Friday, July 16, 2010

Why Inception Works

I don't want to say any more than I have to.

First, I'll repeat something that I've been saying since I left the theatre and something that I doubt I will ever stop saying in relation to this film: Inception is how you would properly film a Philip K. Dick story. I've heard a lot of references to Tarkovsky and Kubrick, but I can't help but shake that this world is uncannily familar to the ones dreamt up by PKD, and so "Blade Runner" becomes a better reference point1 to compare with "Inception," which exists against--no, with Nolan's past works.

I don't want to talk about characters and plot, about psychology and narrative. I'm not sure if I ever would willingly, but it is not a discussion I want to have now.

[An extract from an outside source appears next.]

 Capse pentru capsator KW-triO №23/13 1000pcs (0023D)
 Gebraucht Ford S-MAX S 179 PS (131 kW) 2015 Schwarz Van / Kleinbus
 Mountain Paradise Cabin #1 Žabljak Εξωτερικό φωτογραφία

The point of this conversation is to discuss the film's conceit: that we can consciously suggest thoughts that will shape a person. It is not the mind bending dream constructing/diving, because that mechanic didn't have to be accomplished through the use of science fiction. "The Life of David Gale," "The Game2," and Leo's last film "Shutter Island" are all films that deal with how an elaborate conspiracy can be constructed to manipulate a person. "Inception" is no different: it involves the use of technology--"Inception's" vast wealth of conspiratorial funds and the power that it invokes, powerful sedatives, dream-sharing black-box technology3  and, the greatest tech of all, the years of unseen development that produced people who can successfully dream-dive, so to speak, against, generally--with the minor outlying of "The Life of David Gale," vast conspiratorial wealth and power and the brilliant knowledge that the conspirators bring to their theatre. These films all focus on a certain theatrical quality that we have in our lives: the recognition of narratives within our own lives and the relative reality of our own narrative as other people stage direct and stage tech our lives. Further, they illustrate that we exist within in a theatre whose script and stage directions we are making and following, following and making--often both at the same time. But that's only so many words on lighting rigs and fog machines, it still isn't the primal mechanism.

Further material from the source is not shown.